(SQL examples for Beginners)
In this end-to-end example, you will learn – SQL Tutorials for Business Analyst: MySQL Tutorials for Business Analyst: MySQL Regular Expressions.
MySQL Regular Expressions (REGEXP) with Syntax & Examples
What are regular expressions?
Regular Expressions help search data matching complex criteria. We looked at wildcards in the previous tutorial. If you have worked with wildcards before, you may be asking why learn regular expressions when you can get similar results using the wildcards. Because, compared to wildcards, regular expressions allow us to search data matching even more complex criterion.
The basic syntax for a regular expression is as follows
SELECT statements... WHERE fieldname REGEXP 'pattern';
- “SELECT statements…” is the standard SELECT statement
- “WHERE fieldname” is the name of the column on which the regular expression is to be performed on.

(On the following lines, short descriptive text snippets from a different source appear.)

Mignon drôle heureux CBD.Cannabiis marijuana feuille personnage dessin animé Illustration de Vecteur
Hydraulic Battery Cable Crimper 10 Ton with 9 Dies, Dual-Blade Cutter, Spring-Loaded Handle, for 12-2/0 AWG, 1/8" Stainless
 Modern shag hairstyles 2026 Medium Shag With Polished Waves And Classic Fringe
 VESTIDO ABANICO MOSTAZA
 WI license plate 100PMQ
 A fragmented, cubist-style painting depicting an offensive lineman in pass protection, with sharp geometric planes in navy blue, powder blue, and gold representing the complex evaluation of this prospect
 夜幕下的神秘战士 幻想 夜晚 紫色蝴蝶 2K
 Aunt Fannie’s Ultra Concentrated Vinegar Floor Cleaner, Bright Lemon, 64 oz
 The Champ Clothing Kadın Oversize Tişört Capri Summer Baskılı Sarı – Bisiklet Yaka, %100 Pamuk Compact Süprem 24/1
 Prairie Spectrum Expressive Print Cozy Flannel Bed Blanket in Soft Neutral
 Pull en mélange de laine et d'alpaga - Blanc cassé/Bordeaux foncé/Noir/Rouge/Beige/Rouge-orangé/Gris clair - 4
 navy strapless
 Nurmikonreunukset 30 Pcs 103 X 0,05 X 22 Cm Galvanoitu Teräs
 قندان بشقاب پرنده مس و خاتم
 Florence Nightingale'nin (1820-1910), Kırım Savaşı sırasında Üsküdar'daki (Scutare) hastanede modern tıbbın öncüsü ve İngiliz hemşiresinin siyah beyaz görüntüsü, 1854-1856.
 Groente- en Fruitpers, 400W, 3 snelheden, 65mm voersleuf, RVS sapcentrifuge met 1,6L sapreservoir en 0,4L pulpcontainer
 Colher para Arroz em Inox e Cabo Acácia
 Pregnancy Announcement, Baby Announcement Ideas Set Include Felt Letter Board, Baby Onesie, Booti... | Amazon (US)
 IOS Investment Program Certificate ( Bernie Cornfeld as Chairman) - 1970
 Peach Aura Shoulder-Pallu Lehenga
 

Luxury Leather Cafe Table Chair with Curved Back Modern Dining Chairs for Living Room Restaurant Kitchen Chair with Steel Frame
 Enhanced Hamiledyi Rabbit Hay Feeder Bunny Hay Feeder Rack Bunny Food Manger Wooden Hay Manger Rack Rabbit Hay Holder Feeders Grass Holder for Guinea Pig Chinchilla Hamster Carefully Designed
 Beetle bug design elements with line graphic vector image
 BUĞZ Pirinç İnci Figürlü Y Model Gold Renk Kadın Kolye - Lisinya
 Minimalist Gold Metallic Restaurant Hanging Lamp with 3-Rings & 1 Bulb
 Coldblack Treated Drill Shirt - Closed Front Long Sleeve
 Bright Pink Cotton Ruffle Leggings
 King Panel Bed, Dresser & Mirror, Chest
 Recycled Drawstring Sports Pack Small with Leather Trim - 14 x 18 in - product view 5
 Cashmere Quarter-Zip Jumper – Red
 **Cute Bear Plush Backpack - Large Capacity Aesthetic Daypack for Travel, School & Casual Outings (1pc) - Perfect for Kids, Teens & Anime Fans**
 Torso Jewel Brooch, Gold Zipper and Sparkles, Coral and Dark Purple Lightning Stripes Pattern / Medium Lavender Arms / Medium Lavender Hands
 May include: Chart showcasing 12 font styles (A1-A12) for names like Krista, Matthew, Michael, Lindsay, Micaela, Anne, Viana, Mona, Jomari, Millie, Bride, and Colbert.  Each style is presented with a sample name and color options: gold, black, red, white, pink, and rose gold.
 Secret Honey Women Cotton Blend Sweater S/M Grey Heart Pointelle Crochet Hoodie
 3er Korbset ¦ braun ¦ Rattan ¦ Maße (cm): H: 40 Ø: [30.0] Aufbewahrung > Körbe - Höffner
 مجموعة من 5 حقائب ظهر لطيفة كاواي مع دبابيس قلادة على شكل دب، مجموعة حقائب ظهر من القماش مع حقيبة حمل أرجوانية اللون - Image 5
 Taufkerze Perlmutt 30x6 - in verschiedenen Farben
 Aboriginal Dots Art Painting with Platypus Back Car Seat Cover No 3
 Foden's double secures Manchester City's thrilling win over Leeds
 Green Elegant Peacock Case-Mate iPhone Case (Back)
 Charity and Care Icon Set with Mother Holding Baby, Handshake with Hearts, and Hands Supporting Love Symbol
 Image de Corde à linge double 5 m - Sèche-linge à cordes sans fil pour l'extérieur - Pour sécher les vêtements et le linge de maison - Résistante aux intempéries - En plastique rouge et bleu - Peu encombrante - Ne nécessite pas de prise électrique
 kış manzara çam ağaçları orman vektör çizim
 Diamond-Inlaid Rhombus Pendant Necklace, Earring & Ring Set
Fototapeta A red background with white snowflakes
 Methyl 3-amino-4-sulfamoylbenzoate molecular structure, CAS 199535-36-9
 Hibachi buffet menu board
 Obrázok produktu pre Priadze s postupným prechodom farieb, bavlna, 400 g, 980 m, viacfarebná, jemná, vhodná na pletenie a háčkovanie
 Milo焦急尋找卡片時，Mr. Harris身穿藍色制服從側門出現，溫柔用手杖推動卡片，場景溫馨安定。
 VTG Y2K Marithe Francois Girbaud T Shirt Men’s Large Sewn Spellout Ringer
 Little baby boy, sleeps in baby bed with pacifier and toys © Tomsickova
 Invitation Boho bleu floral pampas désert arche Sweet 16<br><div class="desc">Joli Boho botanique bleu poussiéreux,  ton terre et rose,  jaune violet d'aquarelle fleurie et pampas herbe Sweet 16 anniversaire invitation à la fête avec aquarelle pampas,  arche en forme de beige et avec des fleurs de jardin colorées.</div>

- “REGEXP ‘pattern'” REGEXP is the regular expression operator and ‘pattern’ represents the pattern to be matched by REGEXP. RLIKE is the synonym for REGEXP and achieves the same results as REGEXP. To avoid confusing it with the LIKE operator, it better to use REGEXP instead.
Let’s now look at a practical example-
SELECT * FROM `movies` WHERE `title` REGEXP 'code';
The above query searches for all the movie titles that have the word code in them. It does not matter whether the “code” is at the beginning, middle or end of the title. As long as it is contained in the title then it will be considered.
Let’s suppose that we want to search for movies that start with a, b, c or d , followed by any number of other characters, how would we go about to achieve that. We can use a regular expression together with the metacharacters to achieve our desired results.
SELECT * FROM `movies` WHERE `title` REGEXP '^[abcd]';
Executing the above script in MySQL workbench against the myflixdb gives us the following results.
|4||Code Name Black||Edgar Jimz||2010||NULL|
|5||Daddy’s Little Girls||NULL||2007||8|
|6||Angels and Demons||NULL||2007||6|
Let’s now take a close look at our regular expression responsible for the above result.
‘^[abcd]’ the caret (^) means that the pattern match should be applied at the beginning and the charlist [abcd] means that only movie titles that start with a, b, c or d are returned in our result set.
Let’s modify our above script and use the NOT charlist and see what results we will get after executing our query.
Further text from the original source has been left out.